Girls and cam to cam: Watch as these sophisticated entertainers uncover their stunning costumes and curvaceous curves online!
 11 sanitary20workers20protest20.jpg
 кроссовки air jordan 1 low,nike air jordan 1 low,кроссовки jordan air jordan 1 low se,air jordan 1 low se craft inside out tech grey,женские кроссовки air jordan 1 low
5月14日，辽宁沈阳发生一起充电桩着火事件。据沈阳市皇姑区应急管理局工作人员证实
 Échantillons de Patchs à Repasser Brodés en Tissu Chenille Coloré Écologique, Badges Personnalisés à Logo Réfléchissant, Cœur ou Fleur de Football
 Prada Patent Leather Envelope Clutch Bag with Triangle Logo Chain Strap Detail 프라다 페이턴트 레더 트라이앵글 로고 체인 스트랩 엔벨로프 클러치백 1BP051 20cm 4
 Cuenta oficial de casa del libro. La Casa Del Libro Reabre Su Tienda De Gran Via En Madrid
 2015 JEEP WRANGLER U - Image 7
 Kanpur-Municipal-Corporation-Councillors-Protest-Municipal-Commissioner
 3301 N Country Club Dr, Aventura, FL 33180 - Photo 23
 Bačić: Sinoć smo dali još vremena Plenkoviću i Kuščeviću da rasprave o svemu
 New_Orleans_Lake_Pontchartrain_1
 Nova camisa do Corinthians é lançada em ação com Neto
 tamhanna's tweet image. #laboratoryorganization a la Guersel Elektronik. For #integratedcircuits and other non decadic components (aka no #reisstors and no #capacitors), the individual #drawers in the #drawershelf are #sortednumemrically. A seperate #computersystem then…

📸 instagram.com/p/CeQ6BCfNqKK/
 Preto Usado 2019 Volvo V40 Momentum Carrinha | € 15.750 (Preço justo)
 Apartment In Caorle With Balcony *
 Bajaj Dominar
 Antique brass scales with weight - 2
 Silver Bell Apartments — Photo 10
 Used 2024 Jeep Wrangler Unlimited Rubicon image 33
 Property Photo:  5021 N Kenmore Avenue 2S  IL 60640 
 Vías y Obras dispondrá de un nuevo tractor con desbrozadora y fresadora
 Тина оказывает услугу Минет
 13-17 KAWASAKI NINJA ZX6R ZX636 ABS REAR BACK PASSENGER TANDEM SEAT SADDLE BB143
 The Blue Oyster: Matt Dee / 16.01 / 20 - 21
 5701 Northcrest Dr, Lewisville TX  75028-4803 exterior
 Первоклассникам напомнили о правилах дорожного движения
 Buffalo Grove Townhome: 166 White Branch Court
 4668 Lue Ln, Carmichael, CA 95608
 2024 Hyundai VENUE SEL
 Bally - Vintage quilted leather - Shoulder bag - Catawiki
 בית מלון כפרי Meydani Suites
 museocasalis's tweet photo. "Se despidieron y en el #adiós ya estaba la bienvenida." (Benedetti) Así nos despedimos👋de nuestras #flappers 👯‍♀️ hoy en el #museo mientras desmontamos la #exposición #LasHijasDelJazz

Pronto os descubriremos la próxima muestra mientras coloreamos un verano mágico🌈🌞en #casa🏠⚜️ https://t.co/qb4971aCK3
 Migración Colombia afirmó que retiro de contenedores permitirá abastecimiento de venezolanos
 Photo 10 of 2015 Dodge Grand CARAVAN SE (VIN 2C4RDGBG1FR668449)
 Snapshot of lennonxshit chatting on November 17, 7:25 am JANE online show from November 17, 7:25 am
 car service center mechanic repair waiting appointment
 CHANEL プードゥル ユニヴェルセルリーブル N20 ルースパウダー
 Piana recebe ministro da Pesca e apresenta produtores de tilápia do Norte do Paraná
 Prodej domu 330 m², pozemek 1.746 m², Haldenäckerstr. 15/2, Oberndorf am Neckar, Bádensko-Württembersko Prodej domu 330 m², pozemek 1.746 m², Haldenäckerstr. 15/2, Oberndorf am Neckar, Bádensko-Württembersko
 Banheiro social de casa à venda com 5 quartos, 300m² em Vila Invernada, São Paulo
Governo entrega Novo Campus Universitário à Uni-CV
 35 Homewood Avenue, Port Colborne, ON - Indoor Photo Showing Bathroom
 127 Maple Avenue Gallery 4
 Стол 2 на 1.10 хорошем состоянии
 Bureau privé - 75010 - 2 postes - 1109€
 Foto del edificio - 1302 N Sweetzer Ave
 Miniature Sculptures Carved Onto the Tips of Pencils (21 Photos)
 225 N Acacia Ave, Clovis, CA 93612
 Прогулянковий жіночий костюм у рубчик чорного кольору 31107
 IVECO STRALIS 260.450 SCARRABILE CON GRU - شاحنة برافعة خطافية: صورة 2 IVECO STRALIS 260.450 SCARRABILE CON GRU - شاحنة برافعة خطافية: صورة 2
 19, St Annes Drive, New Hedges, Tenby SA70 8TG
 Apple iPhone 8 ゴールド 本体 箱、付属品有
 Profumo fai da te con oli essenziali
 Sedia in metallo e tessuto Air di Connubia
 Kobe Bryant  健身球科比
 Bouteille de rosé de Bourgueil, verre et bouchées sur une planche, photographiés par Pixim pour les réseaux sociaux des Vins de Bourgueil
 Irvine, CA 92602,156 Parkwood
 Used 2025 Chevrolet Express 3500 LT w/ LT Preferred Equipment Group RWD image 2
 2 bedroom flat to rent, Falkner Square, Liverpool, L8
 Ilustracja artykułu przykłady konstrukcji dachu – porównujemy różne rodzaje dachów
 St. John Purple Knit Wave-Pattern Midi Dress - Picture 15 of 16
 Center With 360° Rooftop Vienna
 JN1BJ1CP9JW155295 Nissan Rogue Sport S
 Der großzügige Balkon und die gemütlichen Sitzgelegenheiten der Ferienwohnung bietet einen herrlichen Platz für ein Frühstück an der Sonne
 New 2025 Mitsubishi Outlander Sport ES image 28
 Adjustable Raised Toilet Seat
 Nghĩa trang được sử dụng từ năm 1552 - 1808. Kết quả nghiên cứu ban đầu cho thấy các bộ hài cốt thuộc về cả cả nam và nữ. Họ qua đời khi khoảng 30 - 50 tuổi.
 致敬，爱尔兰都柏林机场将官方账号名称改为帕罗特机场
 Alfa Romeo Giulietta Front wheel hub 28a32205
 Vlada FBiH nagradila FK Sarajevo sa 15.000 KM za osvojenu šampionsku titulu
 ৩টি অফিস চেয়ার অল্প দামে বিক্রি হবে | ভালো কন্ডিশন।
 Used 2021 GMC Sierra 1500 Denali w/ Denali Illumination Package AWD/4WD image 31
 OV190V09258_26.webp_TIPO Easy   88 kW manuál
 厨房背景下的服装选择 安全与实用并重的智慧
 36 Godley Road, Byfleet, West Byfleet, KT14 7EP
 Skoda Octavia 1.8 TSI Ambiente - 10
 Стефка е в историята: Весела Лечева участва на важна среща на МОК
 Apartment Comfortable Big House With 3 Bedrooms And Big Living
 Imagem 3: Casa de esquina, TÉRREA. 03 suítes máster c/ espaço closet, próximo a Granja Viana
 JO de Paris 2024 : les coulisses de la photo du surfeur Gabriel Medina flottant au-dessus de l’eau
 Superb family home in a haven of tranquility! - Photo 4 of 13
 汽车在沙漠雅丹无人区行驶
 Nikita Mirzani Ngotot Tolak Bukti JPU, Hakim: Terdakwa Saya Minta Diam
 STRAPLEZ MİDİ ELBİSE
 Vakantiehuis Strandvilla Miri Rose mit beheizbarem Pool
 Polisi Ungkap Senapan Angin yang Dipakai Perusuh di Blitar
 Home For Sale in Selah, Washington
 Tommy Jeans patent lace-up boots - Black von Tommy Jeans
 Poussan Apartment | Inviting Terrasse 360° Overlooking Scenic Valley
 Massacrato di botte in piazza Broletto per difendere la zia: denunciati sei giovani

——

DESCRIPTION OF THE TASK: Nothing in the data may be left out. Copy all of it exactly.

RESPONSE BOX:
Girls and cam to cam: Watch as these sophisticated entertainers uncover their stunning costumes and curvaceous curves online!
 11 sanitary20workers20protest20.jpg
 кроссовки air jordan 1 low,nike air jordan 1 low,кроссовки jordan air jordan 1 low se,air jordan 1 low se craft inside out tech grey,женские кроссовки air jordan 1 low
5月14日，辽宁沈阳发生一起充电桩着火事件。据沈阳市皇姑区应急管理局工作人员证实
 Échantillons de Patchs à Repasser Brodés en Tissu Chenille Coloré Écologique, Badges Personnalisés à Logo Réfléchissant, Cœur ou Fleur de Football
 Prada Patent Leather Envelope Clutch Bag with Triangle Logo Chain Strap Detail 프라다 페이턴트 레더 트라이앵글 로고 체인 스트랩 엔벨로프 클러치백 1BP051 20cm 4
 Cuenta oficial de casa del libro. La Casa Del Libro Reabre Su Tienda De Gran Via En Madrid
 2015 JEEP WRANGLER U - Image 7
 Kanpur-Municipal-Corporation-Councillors-Protest-Municipal-Commissioner
 3301 N Country Club Dr, Aventura, FL 33180 - Photo 23
 Bačić: Sinoć smo dali još vremena Plenkoviću i Kuščeviću da rasprave o svemu
 New_Orleans_Lake_Pontchartrain_1
 Nova camisa do Corinthians é lançada em ação com Neto
 tamhanna's tweet image. #laboratoryorganization a la Guersel Elektronik. For #integratedcircuits and other non decadic components (aka no #reisstors and no #capacitors), the individual #drawers in the #drawershelf are #sortednumemrically. A seperate #computersystem then…

📸 instagram.com/p/CeQ6BCfNqKK/
 Preto Usado 2019 Volvo V40 Momentum Carrinha | € 15.750 (Preço justo)
 Apartment In Caorle With Balcony *
 Bajaj Dominar
 Antique brass scales with weight - 2
 Silver Bell Apartments — Photo 10
 Used 2024 Jeep Wrangler Unlimited Rubicon image 33
 Property Photo:  5021 N Kenmore Avenue 2S  IL 60640 
 Vías y Obras dispondrá de un nuevo tractor con desbrozadora y fresadora
 Тина оказывает услугу Минет
 13-17 KAWASAKI NINJA ZX6R ZX636 ABS REAR BACK PASSENGER TANDEM SEAT SADDLE BB143
 The Blue Oyster: Matt Dee / 16.01 / 20 - 21
 5701 Northcrest Dr, Lewisville TX  75028-4803 exterior
 Первоклассникам напомнили о правилах дорожного движения
 Buffalo Grove Townhome: 166 White Branch Court
 4668 Lue Ln, Carmichael, CA 95608
 2024 Hyundai VENUE SEL
 Bally - Vintage quilted leather - Shoulder bag - Catawiki
 בית מלון כפרי Meydani Suites
 museocasalis's tweet photo. "Se despidieron y en el #adiós ya estaba la bienvenida." (Benedetti) Así nos despedimos👋de nuestras #flappers 👯‍♀️ hoy en el #museo mientras desmontamos la #exposición #LasHijasDelJazz

Pronto os descubriremos la próxima muestra mientras coloreamos un verano mágico🌈🌞en #casa🏠⚜️ https://t.co/qb4971aCK3
 Migración Colombia afirmó que retiro de contenedores permitirá abastecimiento de venezolanos
 Photo 10 of 2015 Dodge Grand CARAVAN SE (VIN 2C4RDGBG1FR668449)
 Snapshot of lennonxshit chatting on November 17, 7:25 am JANE online show from November 17, 7:25 am
 car service center mechanic repair waiting appointment
 CHANEL プードゥル ユニヴェルセルリーブル N20 ルースパウダー
 Piana recebe ministro da Pesca e apresenta produtores de tilápia do Norte do Paraná
 Prodej domu 330 m², pozemek 1.746 m², Haldenäckerstr. 15/2, Oberndorf am Neckar, Bádensko-Württembersko Prodej domu 330 m², pozemek 1.746 m², Haldenäckerstr. 15/2, Oberndorf am Neckar, Bádensko-Württembersko
 Banheiro social de casa à venda com 5 quartos, 300m² em Vila Invernada, São Paulo
Governo entrega Novo Campus Universitário à Uni-CV
 35 Homewood Avenue, Port Colborne, ON - Indoor Photo Showing Bathroom
 127 Maple Avenue Gallery 4
 Стол 2 на 1.10 хорошем состоянии
 Bureau privé - 75010 - 2 postes - 1109€
 Foto del edificio - 1302 N Sweetzer Ave
 Miniature Sculptures Carved Onto the Tips of Pencils (21 Photos)
 225 N Acacia Ave, Clovis, CA 93612
 Прогулянковий жіночий костюм у рубчик чорного кольору 31107
 IVECO STRALIS 260.450 SCARRABILE CON GRU - شاحنة برافعة خطافية: صورة 2 IVECO STRALIS 260.450 SCARRABILE CON GRU - شاحنة برافعة خطافية: صورة 2
 19, St Annes Drive, New Hedges, Tenby SA70 8TG
 Apple iPhone 8 ゴールド 本体 箱、付属品有
 Profumo fai da te con oli essenziali
 Sedia in metallo e tessuto Air di Connubia
 Kobe Bryant  健身球科比
 Bouteille de rosé de Bourgueil, verre et bouchées sur une planche, photographiés par Pixim pour les réseaux sociaux des Vins de Bourgueil
 Irvine, CA 92602,156 Parkwood
 Used 2025 Chevrolet Express 3500 LT w/ LT Preferred Equipment Group RWD image 2
 2 bedroom flat to rent, Falkner Square, Liverpool, L8
 Ilustracja artykułu przykłady konstrukcji dachu – porównujemy różne rodzaje dachów
 St. John Purple Knit Wave-Pattern Midi Dress - Picture 15 of 16
 Center With 360° Rooftop Vienna
 JN1BJ1CP9JW155295 Nissan Rogue Sport S
 Der großzügige Balkon und die gemütlichen Sitzgelegenheiten der Ferienwohnung bietet einen herrlichen Platz für ein Frühstück an der Sonne
 New 2025 Mitsubishi Outlander Sport ES image 28
 Adjustable Raised Toilet Seat
 Nghĩa trang được sử dụng từ năm 1552 - 1808. Kết quả nghiên cứu ban đầu cho thấy các bộ hài cốt thuộc về cả cả nam và nữ. Họ qua đời khi khoảng 30 - 50 tuổi.
 致敬，爱尔兰都柏林机场将官方账号名称改为帕罗特机场
 Alfa Romeo Giulietta Front wheel hub 28a32205
 Vlada FBiH nagradila FK Sarajevo sa 15.000 KM za osvojenu šampionsku titulu
 ৩টি অফিস চেয়ার অল্প দামে বিক্রি হবে | ভালো কন্ডিশন।
 Used 2021 GMC Sierra 1500 Denali w/ Denali Illumination Package AWD/4WD image 31
 OV190V09258_26.webp_TIPO Easy   88 kW manuál
 厨房背景下的服装选择 安全与实用并重的智慧
 36 Godley Road, Byfleet, West Byfleet, KT14 7EP
 Skoda Octavia 1.8 TSI Ambiente - 10
 Стефка е в историята: Весела Лечева участва на важна среща на МОК
 Apartment Comfortable Big House With 3 Bedrooms And Big Living
 Imagem 3: Casa de esquina, TÉRREA. 03 suítes máster c/ espaço closet, próximo a Granja Viana
 JO de Paris 2024 : les coulisses de la photo du surfeur Gabriel Medina flottant au-dessus de l’eau
 Superb family home in a haven of tranquility! - Photo 4 of 13
 汽车在沙漠雅丹无人区行驶
 Nikita Mirzani Ngotot Tolak Bukti JPU, Hakim: Terdakwa Saya Minta Diam
 STRAPLEZ MİDİ ELBİSE
 Vakantiehuis Strandvilla Miri Rose mit beheizbarem Pool
 Polisi Ungkap Senapan Angin yang Dipakai Perusuh di Blitar
 Home For Sale in Selah, Washington
 Tommy Jeans patent lace-up boots - Black von Tommy Jeans
 Poussan Apartment | Inviting Terrasse 360° Overlooking Scenic Valley
 Massacrato di botte in piazza Broletto per difendere la zia: denunciati sei giovani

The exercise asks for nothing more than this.